According to de Jounge, that responsibility has never been fulfilled, in spite
of repeated requests to do so by the County Airport Land Use Commission.
Closing the airport is potentially an easy way for the supervisors to tidy up
a situation they've failed to address. Perhaps to facilitate the closure and
to "fix" that oversight, County Counsel Adrienne Grover has drafted
an amortization ordinance that could eventually lead to the airport's demise.
Through the draft ordinance, the County could set a future date by which all
otherwise legal but "non-conforming" (read: unwanted) land use must end. Such an ordinance would have the effect of setting in
motion a process by which CVVA and, perhaps, other public airports in the
county would be forced to close once the owners have recovered their
investment in their airport facilities. The Delfinos who own the airport do
not object specifically to the airport, but understandably wish to cash in on
their investment that they've held since 1949.
Regardless of the supervisors' objections, the majority of residents in the
area seemingly do not want to see the airport die. Whether or not that means
anything remains to be seen. However, there seem to be other factors the supervisors
are obviously dismissing or simply ignoring. According to Jeff Hand, a local
pilot and member of CVHAS, there are fire and emergency implications to
shutting down the airport. "There was a big fire that swept up the Valley
many years ago and the sheriff evacuated everyone and had them all congregate
at the airport because it was a natural fire break," Hand told AVweb.

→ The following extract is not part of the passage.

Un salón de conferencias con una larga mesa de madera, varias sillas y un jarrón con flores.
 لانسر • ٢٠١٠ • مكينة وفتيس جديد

"As far as the public is concerned, the best reasons to keep the airport
viable are the open space it provides with the trail for pedestrians, and then
the emergency role it plays. People forget about the emergency role because
emergencies are far and few between. Still, between the fire threat, the
potential for flooding of the nearby river, and the occasional road closures
due to landslides, the [airport's] emergency role is quite valid."
Almost on cue last year, a wildfire at nearby Big Sur demonstrated the
strategic importance of the Carmel Valley Vintage Airpark. The California
Department of Forestry used the
airport as a staging area to refuel firefighting helicopters at the field.
"The Carmel Valley Fire Protection District has come out publicly in
support of the airport because of these reasons and because of the role it
plays in emergency preparedness," Hand told AVweb. "In
addition, the Monterey County Office of Emergency Services considers it a
useful landing zone for small fixed wing planes and all sized rotary wing
aircraft for many disaster scenarios. The head of OES (the Office of Emergency
Services) has assured me of this,
but we are still waiting for a letter of public support."
Hope For The Future
Today, de Jounge and his group are fighting against time. Ideally, they are
looking for a buyer or a small group of buyers to purchase the airport with
the idea of preserving it for public use. There are currently three lots of
record on the property in addition to the runway. A trail runs along the
property's edges where local residents walk their dogs or simply walk
themselves. This Saturday, Santa and Mrs. Claus will arrive via airplane for
the 41st Annual Santa's Fly-In. Don't miss it if you're in the area. It could
be the last flight for Carmel Valley's beloved Santa. At AVweb, we
certainly hope not.
continue to monitor and report on the fate of the historic Carmel
Valley Vintage Airpark.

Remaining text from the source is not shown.